**Instructions to follow:**
Everything from the line with "eiken wit Horizontaal" down to the line with "Handmade Weaving Storage" below must be printed exactly, those two lines included. Exclude pictures.

**Dataset records:**
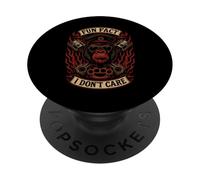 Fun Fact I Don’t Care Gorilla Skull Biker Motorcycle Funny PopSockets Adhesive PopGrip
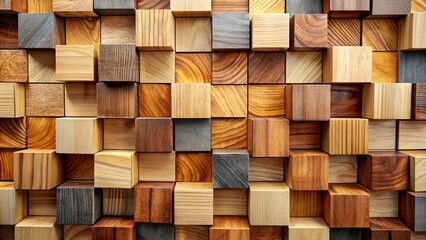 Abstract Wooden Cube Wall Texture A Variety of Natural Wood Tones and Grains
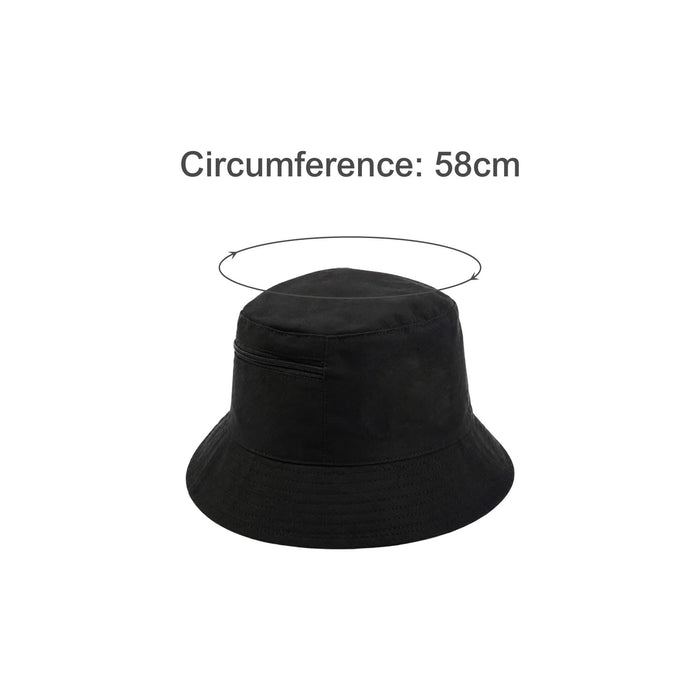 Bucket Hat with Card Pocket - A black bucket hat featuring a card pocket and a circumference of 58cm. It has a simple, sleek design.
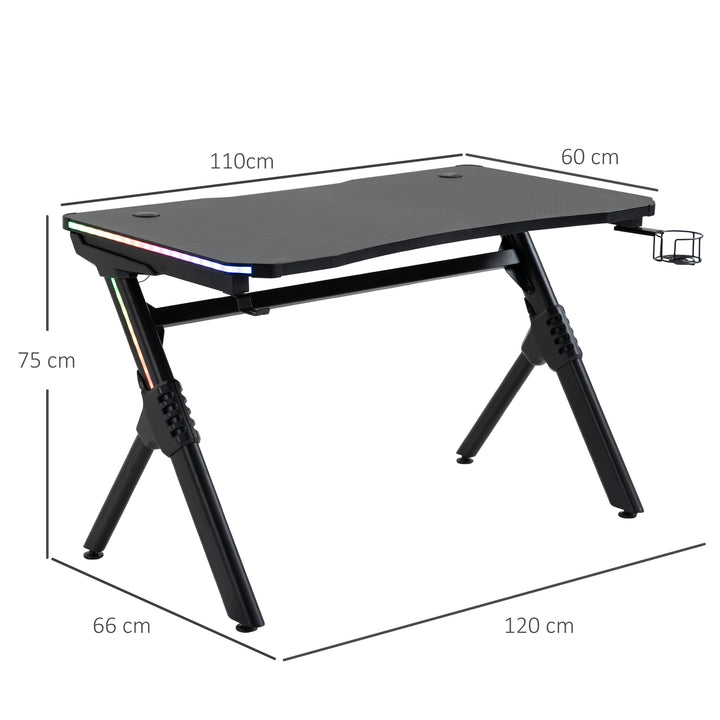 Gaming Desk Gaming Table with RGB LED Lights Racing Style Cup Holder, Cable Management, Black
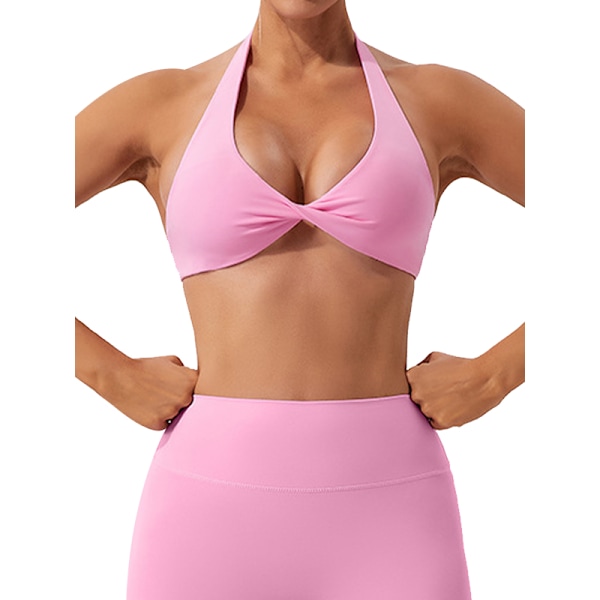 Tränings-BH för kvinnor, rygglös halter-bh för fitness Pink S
...
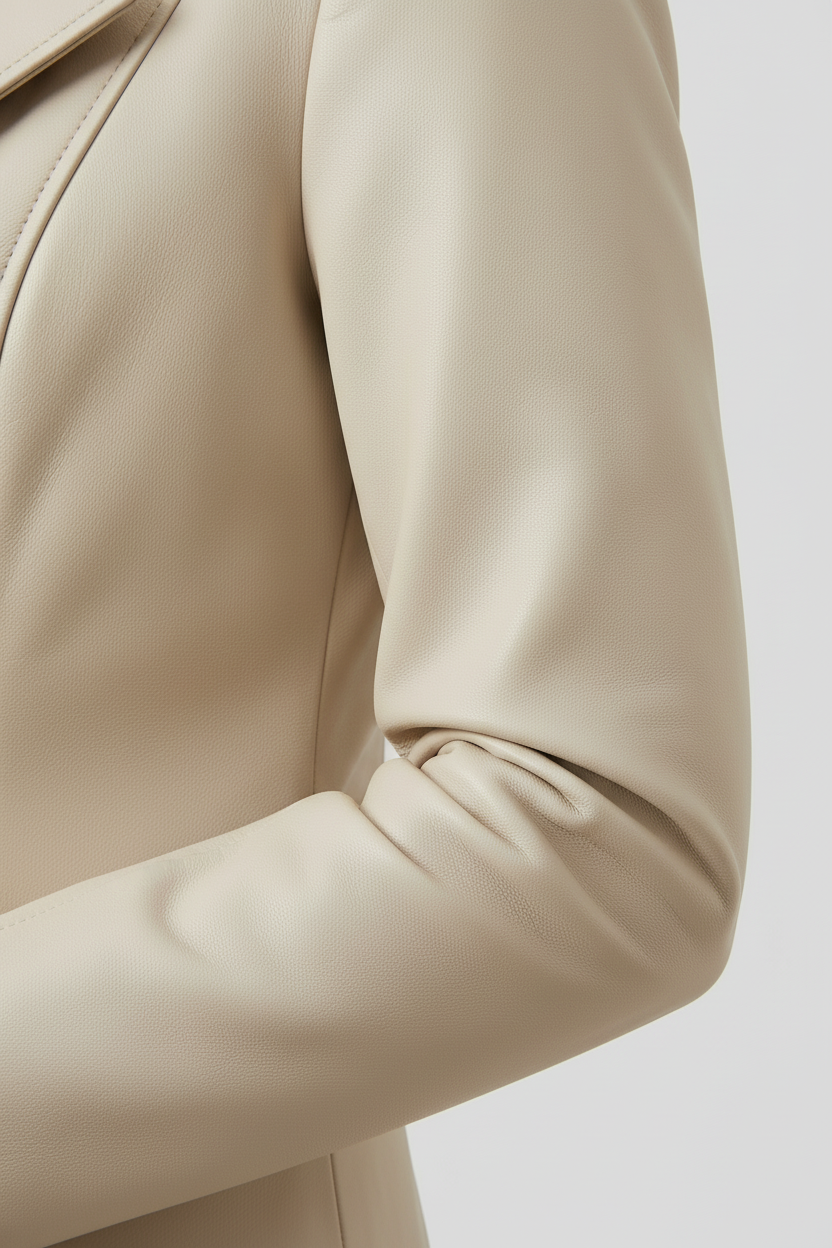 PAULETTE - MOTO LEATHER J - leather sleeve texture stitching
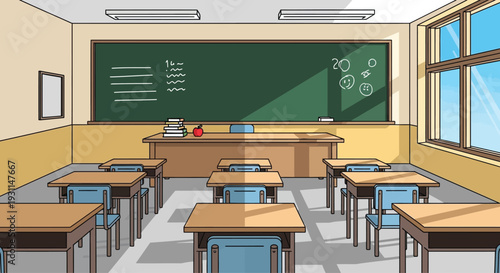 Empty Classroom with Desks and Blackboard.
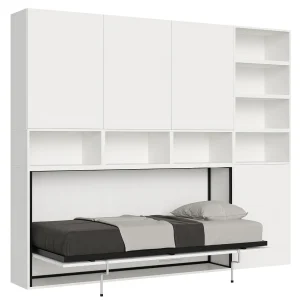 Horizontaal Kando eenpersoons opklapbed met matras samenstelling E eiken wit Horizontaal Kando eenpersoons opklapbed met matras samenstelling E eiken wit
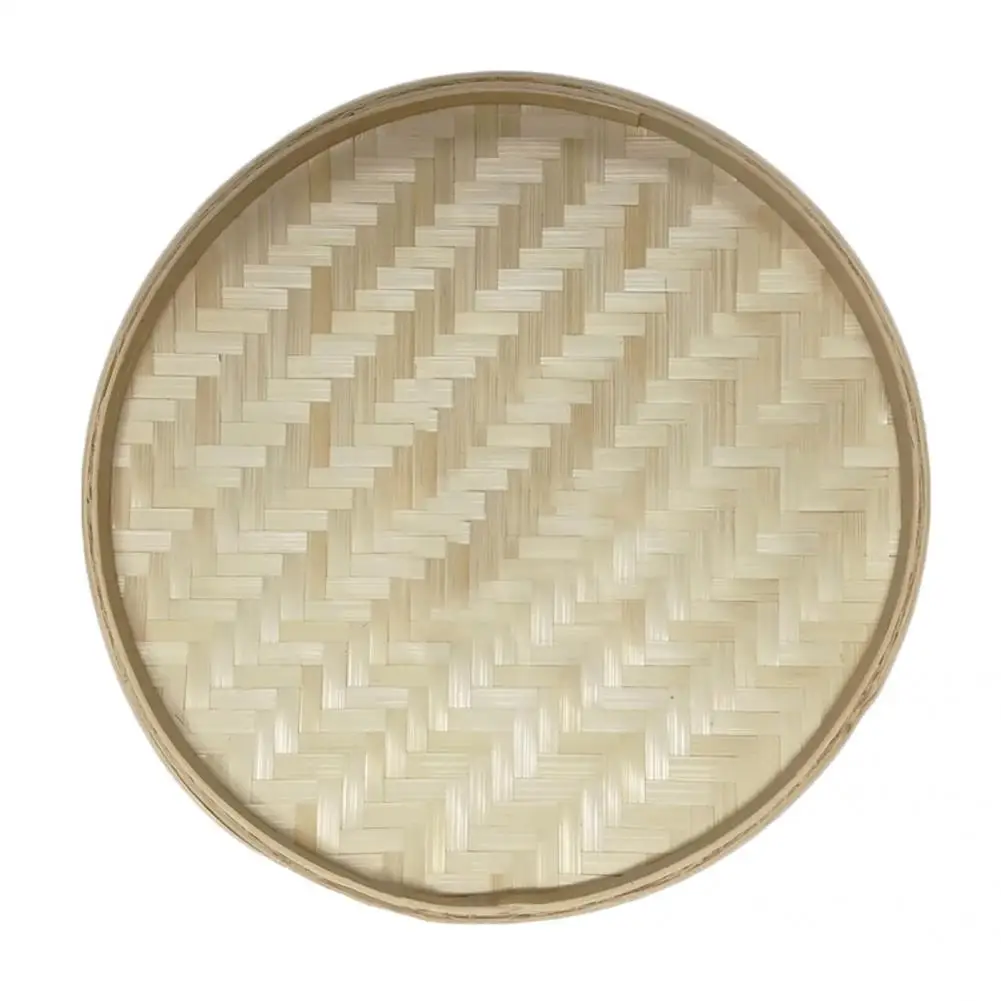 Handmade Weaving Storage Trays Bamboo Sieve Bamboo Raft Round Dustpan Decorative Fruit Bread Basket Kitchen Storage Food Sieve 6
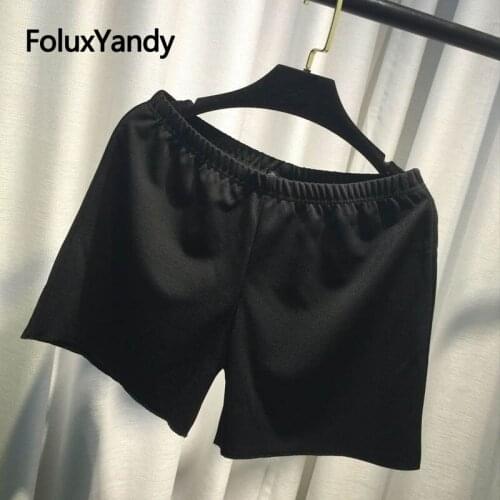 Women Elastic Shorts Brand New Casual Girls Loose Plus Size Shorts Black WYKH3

**Your solution:**
 Horizontaal Kando eenpersoons opklapbed met matras samenstelling E eiken wit Horizontaal Kando eenpersoons opklapbed met matras samenstelling E eiken wit
 Handmade Weaving Storage Trays Bamboo Sieve Bamboo Raft Round Dustpan Decorative Fruit Bread Basket Kitchen Storage Food Sieve 6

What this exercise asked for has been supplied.